Le Hezbollah a souligné que « le mouvement Ansarullah qui a porté la bannière de la défense du peuple yéménite opprimé pendant des années et a résisté face à l’agression, s’attachera de plus après cette décision à son droit légitime de défendre le peuple yéménite, sa chère terre, ses ressources et ses options nationales ».
Pompeo a expliqué qu’il notifierait le Congrès de cette décision. Quelques heures plus tard, des élus américains ont appelé Joe Biden à révoquer la sanction.

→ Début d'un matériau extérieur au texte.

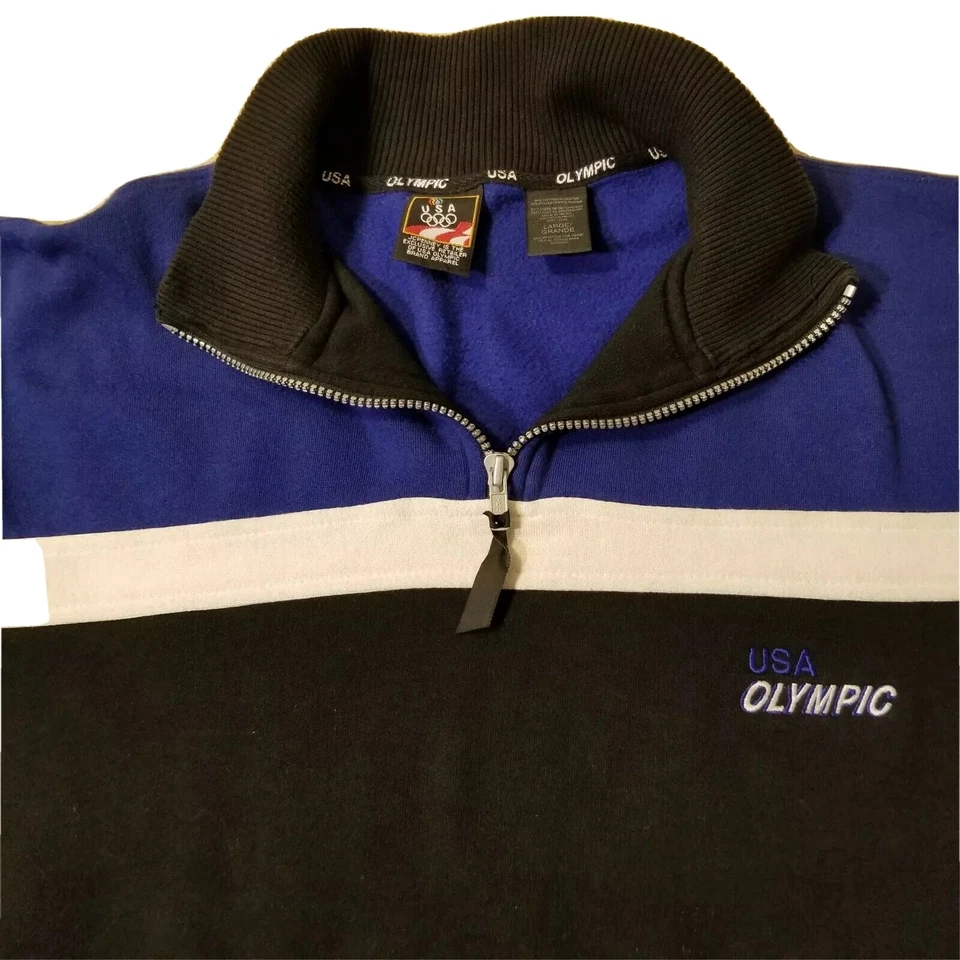 Suéter Olímpico De Colección JC Penny EE. UU. Para Hombre Grande Negro Azul Blanco Mezcla de Colores Foto 2 de 4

A moins que le Congrès ne les bloque, les sanctions anti-Ansarullah doivent entrer en vigueur le 19 janvier, soit la veille de l’entrée en fonctions du démocrate.
Condamnation à mort pour des milliers de Yéménites
Le sénateur démocrate Chris Murphy a dénoncé « une condamnation à mort pour des milliers de Yéménites », une décision qui « va entraver l’aide humanitaire, rendre des pourparlers de paix quasiment impossibles et renforcer l’Iran ».
Un appel similaire est venu du sénateur républicain Todd Young qui a, comme de nombreux élus américains, exhorté M. Pompeo à ne pas passer à l’acte alors que le pays le plus pauvre de la péninsule arabique, où 80 % de la population dépend des aides, est en proie à la pire crise humanitaire actuellement au monde selon l’ONU.
La guerre saoudienne contre le Yémen a fait des dizaines de milliers de morts et causé la pire crise humanitaire au monde, selon des ONG internationales.
L’armée yéménite et Ansarullah font face depuis 2015 contre les tentatives de l’Arabie et de leurs mercenaires de s’emparer du Yémen.
« Les civils paieront le prix »
A Sanaa, le Yéménite Ahmed Sinan craint que les civils ne « paient le prix » de la décision américaine et que « les organisations humanitaires cessent leur travail ».
« Le gouvernement américain doit s’assurer que les sanctions n’empêchent pas l’entrée de nourriture, de carburant et de médicaments », a déclaré Mohamed Abdi, directeur au Yémen du Conseil norvégien des réfugiés.
Le président du Comité international de secours David Miliband a qualifié la décision américaine de « vandalisme diplomatique », appelant « au contraire (à) faire pression sur toutes les parties pour qu’elles cessent de prendre les civils en otage ».
Pour Save the Children, des milliers d’enfants seront davantage exposés au risque de famine et de maladie et la décision des Etats-Unis pourrait « ajouter des obstacles à la réponse humanitaire et entraver les efforts pour mettre fin au conflit ».
La décision de l’administration Trump « risque de punir collectivement tous les Yéménites, en précipitant une famine, tout en faisant peu de mal aux Houthis (Ansarullah), si ce n’est de les pousser plus près de l’Iran », souligne Peter Salisbury de l’International Crisis Group.